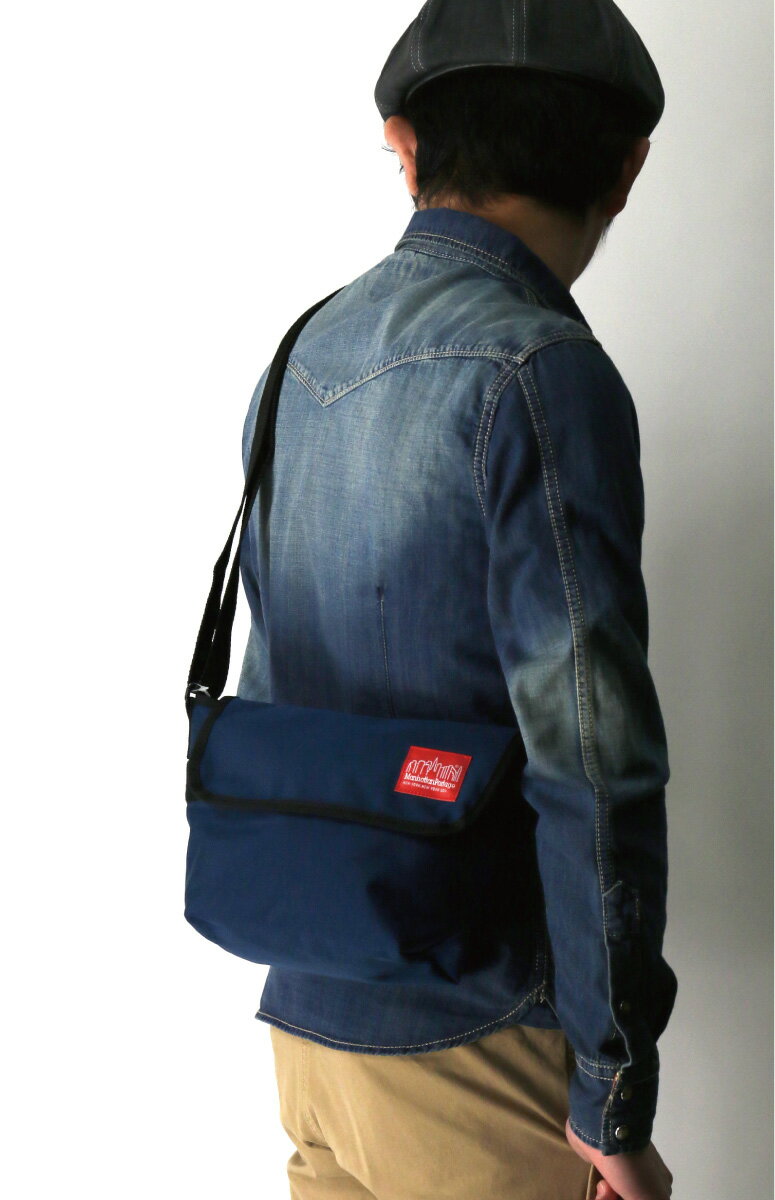 ★期間限定・ポイント10倍商品★【送料無料】Manhattan Portage(マンハッタンポーテージ) カジュアル メッセンジャー ナイロン メッセンジャーバッグ XXL ショルダーバッグ メンズ レディース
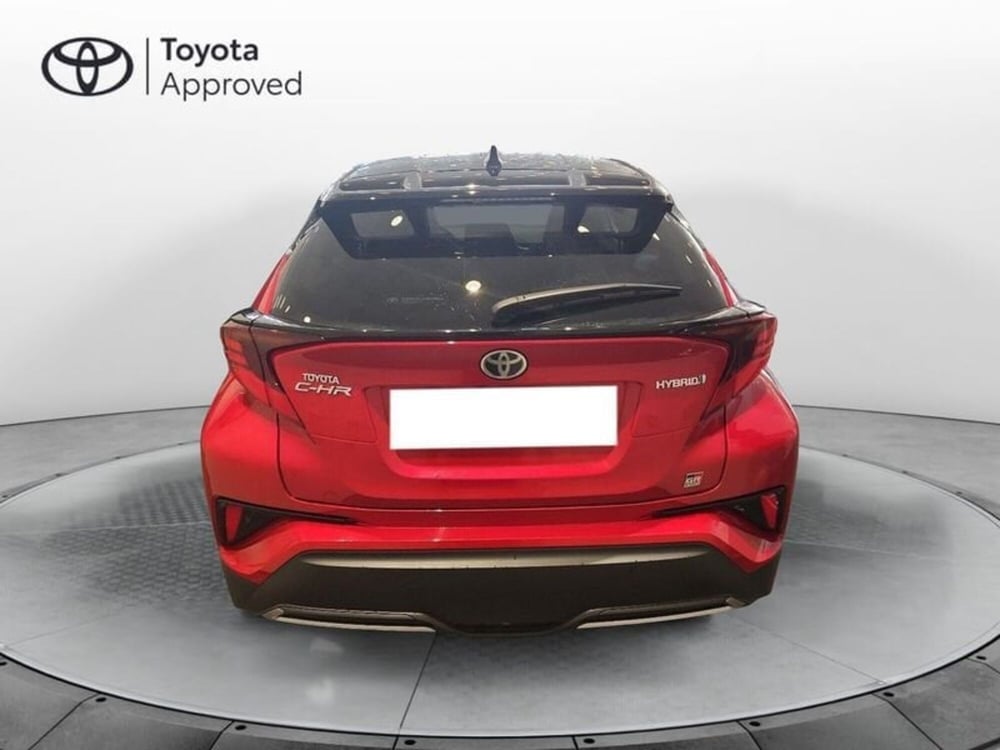 Toyota Toyota C-HR usata a Vicenza (4)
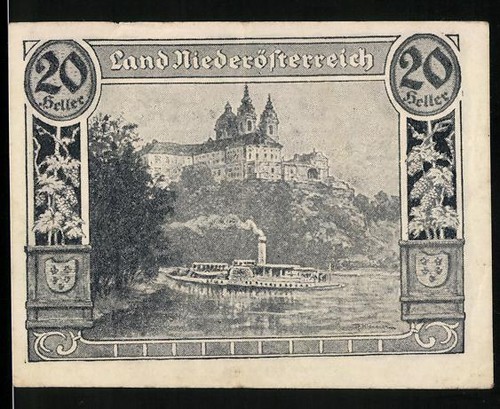 Notgeld wien 1920 heller - notgeld,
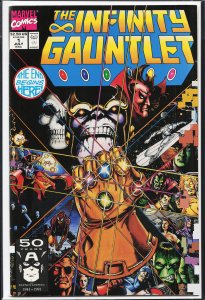 The Infinity Gauntlet #1 (1991)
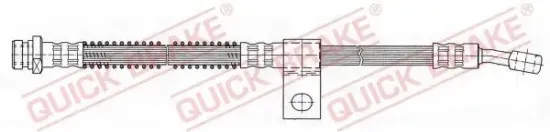 Bremsschlauch QUICK BRAKE 58.961 Bild Bremsschlauch QUICK BRAKE 58.961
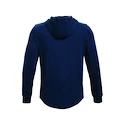 Heren hoodie Under Armour  RIVAL TERRY COLLEGIATE HD-BLU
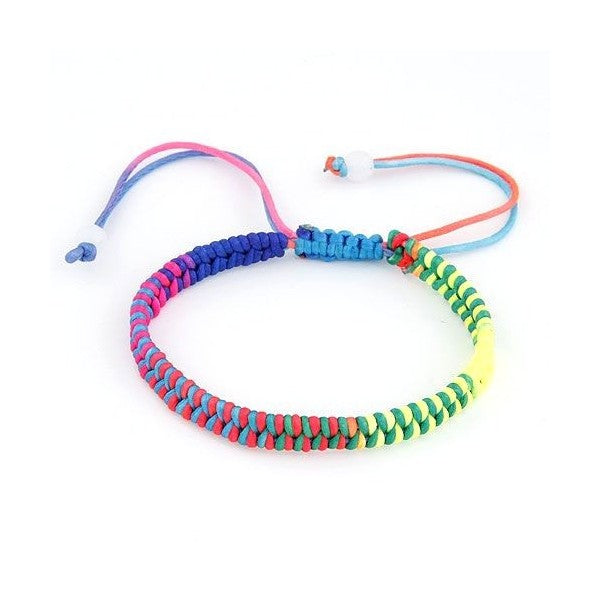 Fluor vriendschapsarmbandje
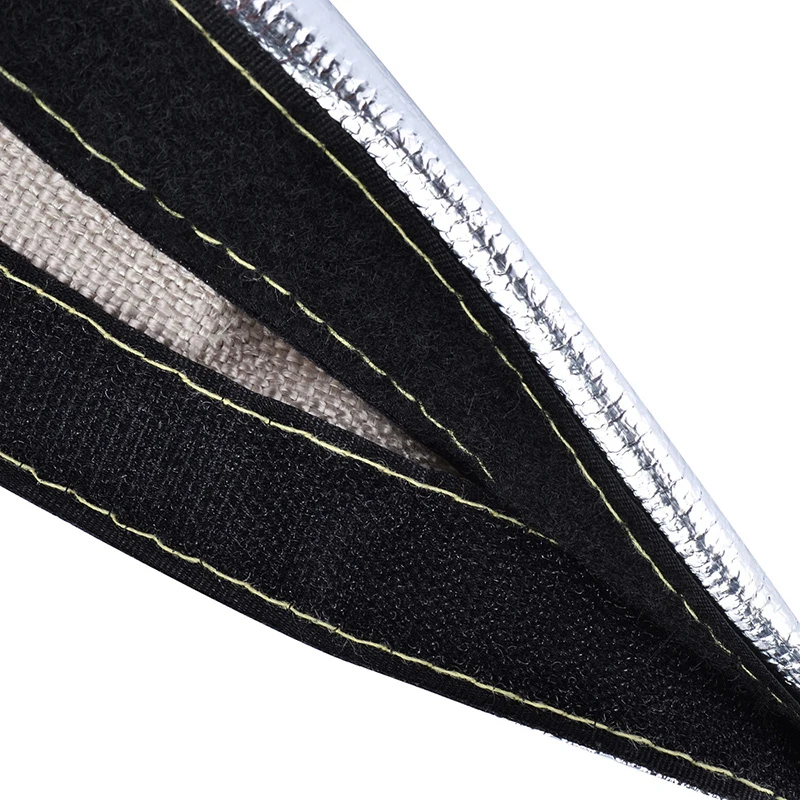 1M Inner Diameter 20MM Metallic Heat Shield Thermal Fire Sleeve Insulated Wire Hose Wrap Loom Tube Protect Cover
1M Inner Diameter 20MM Metallic Heat Shield Thermal Fire Sleeve Insulated Wire Hose Wrap Loom Tube Protect Cover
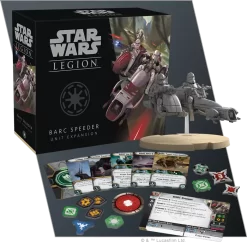 Fantasy Flight Games Star Wars Legion BARC Speeder -999 Games Winkel star wars legion barc speeder 9b785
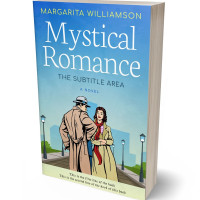 3D view of Premade Romance Book Cover - Half Baked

__________

### What this task involves
In this exercise, set down all of the data exactly, without the pictures.

### Solution to the exercise
 ★期間限定・ポイント10倍商品★【送料無料】Manhattan Portage(マンハッタンポーテージ) カジュアル メッセンジャー ナイロン メッセンジャーバッグ XXL ショルダーバッグ メンズ レディース
 Toyota Toyota C-HR usata a Vicenza (4)
 Notgeld wien 1920 heller - notgeld,
 The Infinity Gauntlet #1 (1991)
 Bremsschlauch QUICK BRAKE 58.961 Bild Bremsschlauch QUICK BRAKE 58.961
 Heren hoodie Under Armour  RIVAL TERRY COLLEGIATE HD-BLU
 Fluor vriendschapsarmbandje
 1M Inner Diameter 20MM Metallic Heat Shield Thermal Fire Sleeve Insulated Wire Hose Wrap Loom Tube Protect Cover
1M Inner Diameter 20MM Metallic Heat Shield Thermal Fire Sleeve Insulated Wire Hose Wrap Loom Tube Protect Cover
 Fantasy Flight Games Star Wars Legion BARC Speeder -999 Games Winkel star wars legion barc speeder 9b785
 3D view of Premade Romance Book Cover - Half Baked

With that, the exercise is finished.